A fifth party in the fray

dnt19jan13-160x160Druk Nyamrup Tshogpa: Bhutanese voters have one more political party to choose from, in the upcoming parliamentary elections. Having successfully secured registration with the election commission of Bhutan yesterday, Druk Nyamrup tshogpa is the country’s fifth political party. This comes less than three weeks after the commission gave the green light to two other political parties, Bhutan Kuen-Nyam party and Druk Chirwang tshogpa.

“Now that we’re a legitimate political party, to run 2013 elections, it means giving a strong and credible alternative to the people of Bhutan,” the party’s president, Jigme Zangpo, said. In fulfilling the registration requirements, the party was required to straighten about 15 points that included spellings of party’s symbol, to submitting candidate names of at least 50 percent of the constituencies.

While having to include a number of clauses in the party charter, the party also had to ensure avoiding usage of terms and terminologies in the charter that gave a non-secular undertone to the outlook of the party, among others. But the task, if the party wants to contest in the upcoming National Assembly elections, is not yet over. To be eligible to participate in the elections, election commission, through a notification, said they should adopt the party charter in the party convention “based on the test that is cleared” by the commission.

They should also submit a copy of statement of accounts, with details of the receipt of registration fees, membership fees and voluntary contributions, demonstrating party’s sustainability, adopted by the party convention. The party should also submit a complete list of registered members, who shall be candidates-designate of the party for the 47 national assembly constituencies, during the submission of letter of intent. The party, however, claims they have around 41 candidates, as of now.

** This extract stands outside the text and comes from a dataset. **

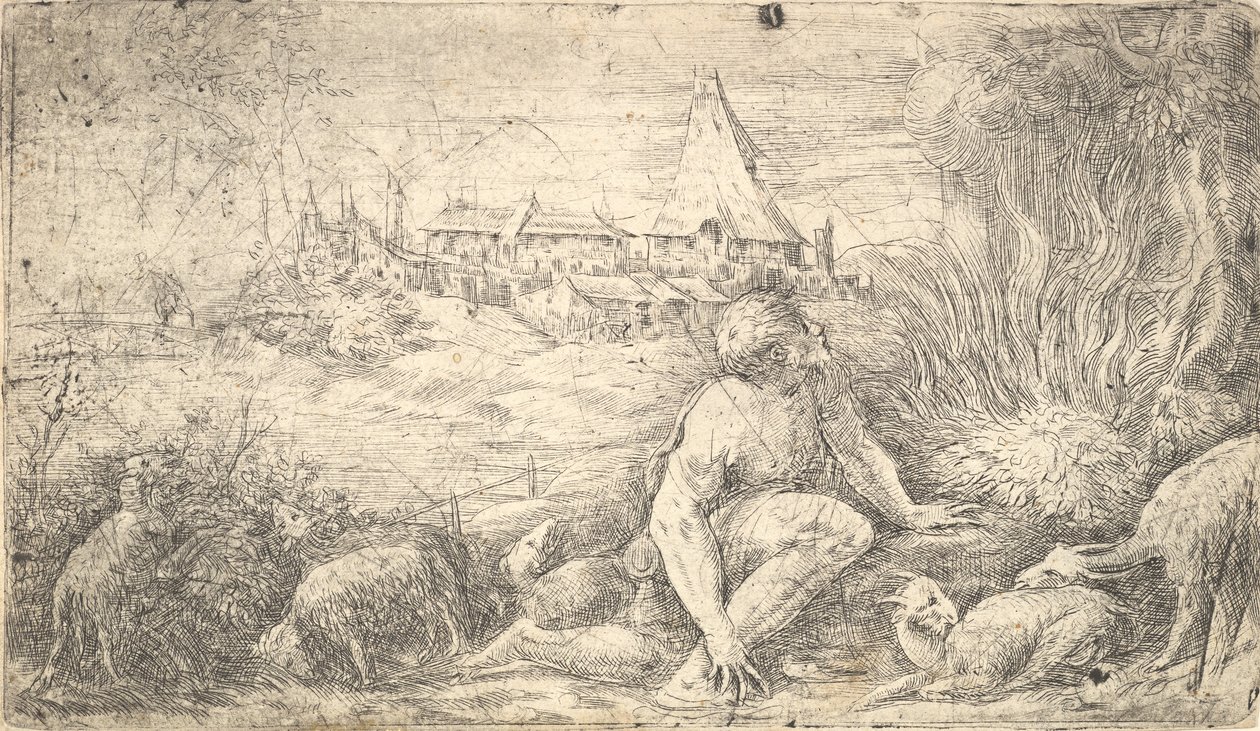 Moses og den brændende busk, ca. 1544-47. af Andrea Schiavone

Jigme Zangpo said, while they had all 47, the idea was to have candidates, who were genuinely committed to serving the country and people. But of the confirmed ones, he said it offered a wide range of professionals, with ages ranging from 35 to 63. The party had a group of 135 registered voters, representing all 20 dzongkhags at the time of registration. Despite having come forward as the first group with intentions to form a political party to contest the second parliamentary elections, it was the last one to apply for registration on December 10.

One of the founding members, Lekey Dorji, said they took time, because they felt the need to take widespread consultation with various levels in the society to ensure a strong and serious team was formed. With its motto “New Times, New Ideas”, the party is coming out with a “seven-point contract with the people of Bhutan”, laying out key points on what they have to offer. Meanwhile, the party will receive its certificate of registration tomorrow.